The reports all pointed in that direction, according to a number of analysts, who also said the way events are unfolding suggests that Fed policymakers won't be raising rates again anytime soon.
September 18, 2000
The Wall Street Journal
Economic Data Continue to Augur Soft Landing:
October 28, 2000
Cleveland Plain Dealer
Economy Cools to Rate Suggesting Soft Landing: The economy shifted into a much lower gear during the summer, registering its slowest speed in more than a year and reflecting a drop in government spending and weaker business investment... "We have downshifted ... but we're not on the brink of a recession," said Paul Kasriel, chief economist for Northern Trust Co. The report, he said, is consistent with the Federal Reserve's desire to bring the high-flying economy down to a more sustainable rate of growth.
October 29, 2000
The Atlanta Journal and Constitution
Stock market fall hurts, but 'soft landing' helps
November 27, 2000
This Political Shock Won't Upset the Soft Landing: THE FED SEEMS CONTENT that the slowdown is leading toward the desired soft landing, although policymakers are still not convinced that the threat of rising inflation is abating. After hiking its overnight rate from 4.75% in June, 1999, to 6.5% in May, 2000, the Fed at its Nov. 15 policy meeting continued to leave interest rates unchanged. The Fed admitted that the economy could slow to a pace even below its long-run trend, generally taken to be 3.5% or so. However, it said that the slowdown in demand to date has not been sufficient to alter its view that the risks in the outlook are weighted toward conditions that could generate higher inflation.
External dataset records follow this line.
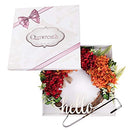 QUNWREATH 18 Inch Fall Wreath, For Front Door WD03554 - Brown - Brand New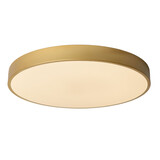 Lucide UNAR - Plafonnière - Ø 49,5 cm - LED 3 StepDim (Memory) - 1x36W 2700K - Mat Goud / Messing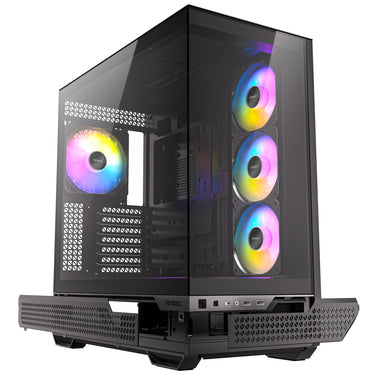 Antec c7 argb midi tower behuizing (zwart | 2x usb-a | 1x usb-c | tempered glass)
...The bottom line is that, yes, the economy is slowing as the Fed's efforts to pull off a soft landing bear fruit. And little indicates that this nation's ongoing political shock will rattle the economy, especially since the fundamentals remain quite sturdy. The Greenspan Fed pulled off a soft landing in 1994, and it will very likely succeed again in 2001 -- regardless of how long it takes to elect a President.
Dec 7th, 2000
Slowing down, to what?: The latest economic figures are consistent with a soft landing. As Mr Greenspan made plain in his speech, an economic slowdown is what the Fed has been aiming to achieve by raising interest rates six times in the past 18 months. By creating economic slack, this should stop inflation rising further. And despite the share-price jump this week, recent market edginess will usefully remind investors about risk and so deter reckless investment.
The markets are also right that few economists are actually predicting a hard landing. The average forecast for growth in 2001 by 15 economists polled by The Economist this week was 3.0%.
My point is a relatively simple one: I don't think that we have nearly enough evidence yet to conclude that the Fed has acheived a soft landing for the US economy. Any guesses about how rough the landing will be will thus have to be based on guesses, predictions, and assumptions about how consumers and businesses will behave over the next several months. So I would be hesitant to congratulate the Fed on its successful soft landing until we know (maybe by mid-2007) if the relatively optimistic suppositions about future consumer and business behavior were right.
It's also worth noting that even as late as November 2000, the signals from the Fed and the interpretation of Fed-watchers were that the chances were that the next interest rate move by the Fed would be an increase. Now we know, of course, that they were compelled to decrease interest rates just a few weeks later. So despite the Fed's rhetoric to the contrary, I would still be cautious in believing that the Fed's next move in the current episode will end up being another increase.